Below are records with pictures. Reproduce exactly the lines from the line with "simple style letter" to the line with "Elisabeth Moss Awesome Profile Pics", inclusive, and leave each picture out.

▶ DATA PROVIDED:
• • •

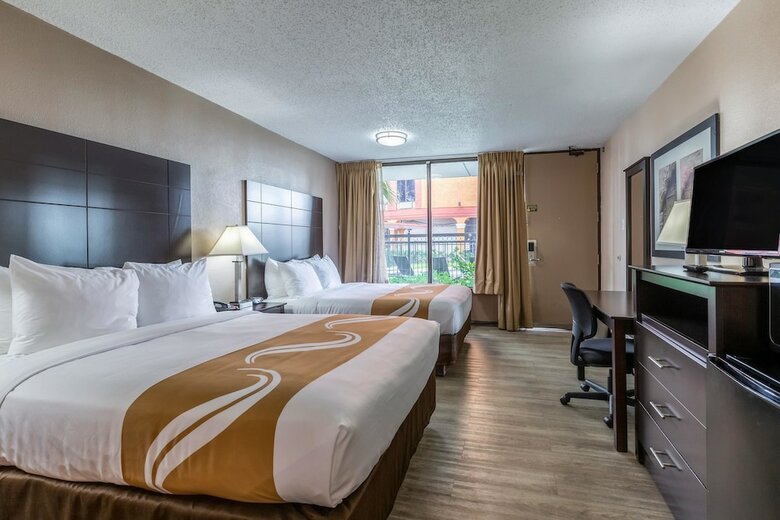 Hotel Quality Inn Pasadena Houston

• • •

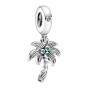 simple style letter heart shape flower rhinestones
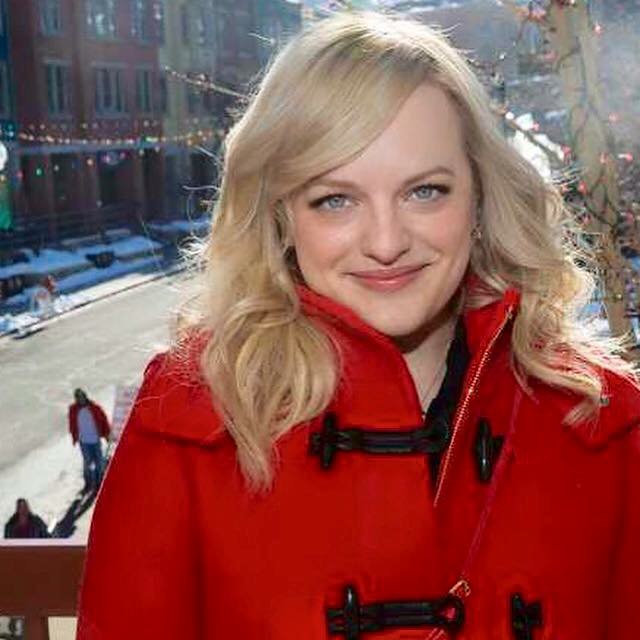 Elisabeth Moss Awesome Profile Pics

• • •

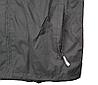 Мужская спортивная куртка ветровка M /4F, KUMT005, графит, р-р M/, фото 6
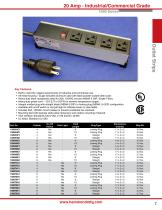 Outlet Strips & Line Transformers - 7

• • •

▶ OUTPUT FOR THIS TASK:
 simple style letter heart shape flower rhinestones
 Elisabeth Moss Awesome Profile Pics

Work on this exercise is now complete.